Public Defenders for Eastman on cross examination raised the following points:
- They say there were three sets of footprints where Sessions’ body was found.
- They say the people in the car seen driving to and from the Pingree Park cannot be identified.
- They say Frank borrowed Eastman’s car on the morning of the 9th before she went to Pingree Park.
- They say the person seen leaving Sessions’ car in the King Soopers parking lot could not be definitively identified.
- They say Eastman told investigators that Sessions had sexually assaulted Frank.
- They say Eastman reported the blood in Frank’s home was already there when he showed up.
- They say there was no evidence Eastman and Sessions knew each other prior to Feb. 8.
- They emphasized that Frank was initially a suspect in Sessions’ death.
- They say Eastman was accustomed to Frank dating other men and although he was “disappointed” she was dating Sessions it didn’t really bother him.
- They say there are no witnesses that Eastman was burning anything at the home where Frank’s body was found.
After the conclusion of the hearing on the 26th, if the case continues to trial, Kopcow will also redetermine bail.
Because of the pandemic, most witness and others are appearing by Webex, an online meeting tool.
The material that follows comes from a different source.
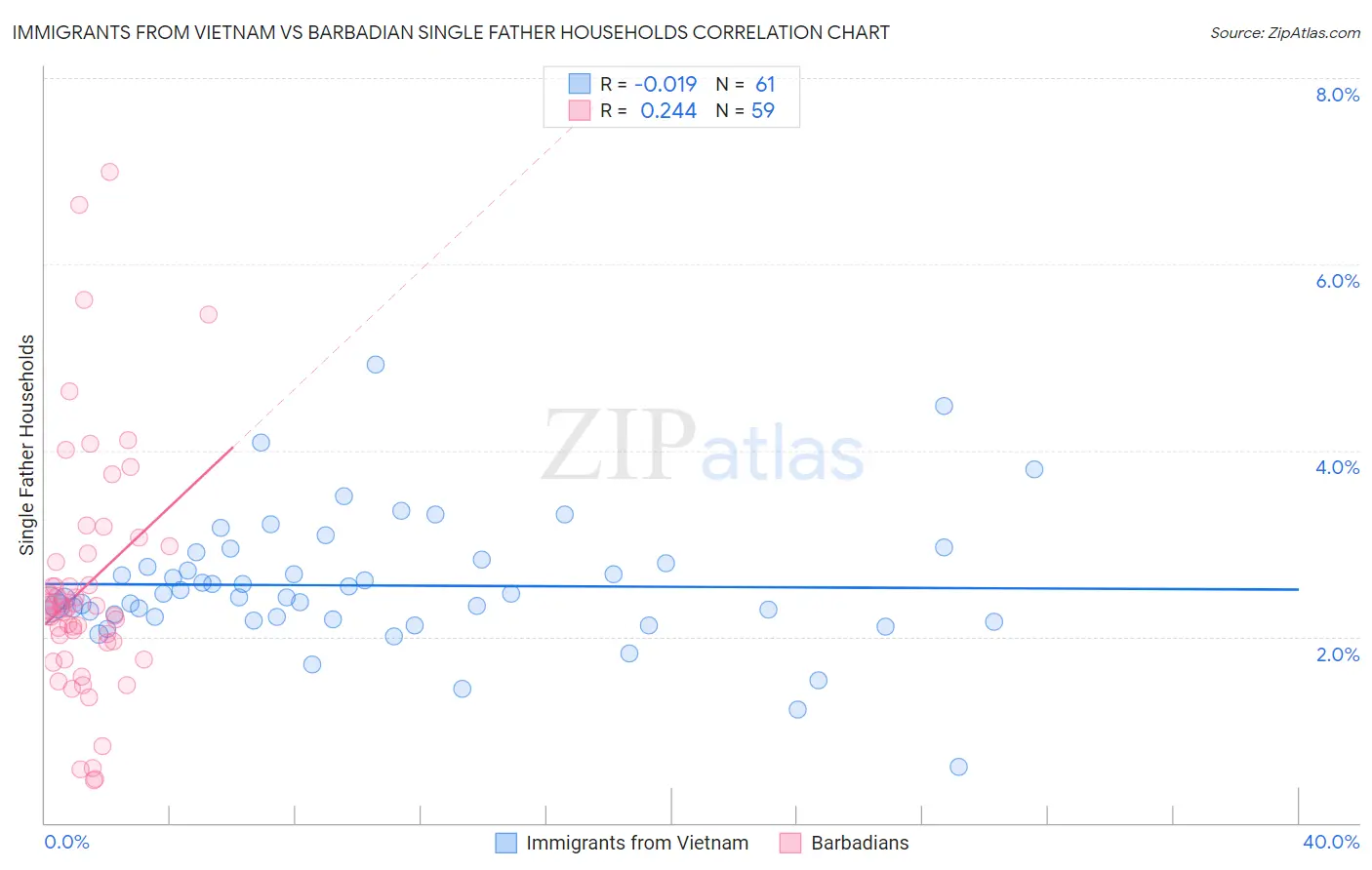Immigrants from Vietnam vs Barbadian Single Father Households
Kopcow did issue a sequestration order for all witnesses, which means witnesses are not allowed to watch the proceedings and they are prohibited to talking to each other about their testimony. Kopcow repeatedly struggled on Thursday with people tuning into the trial, but not muting their phones or computers and talking in the background. Kopcow reminded everyone at the end of Thursday that they are welcome to attend on the 26th, however, he cautioned that anyone who does not mute their devices may be removed from the hearing.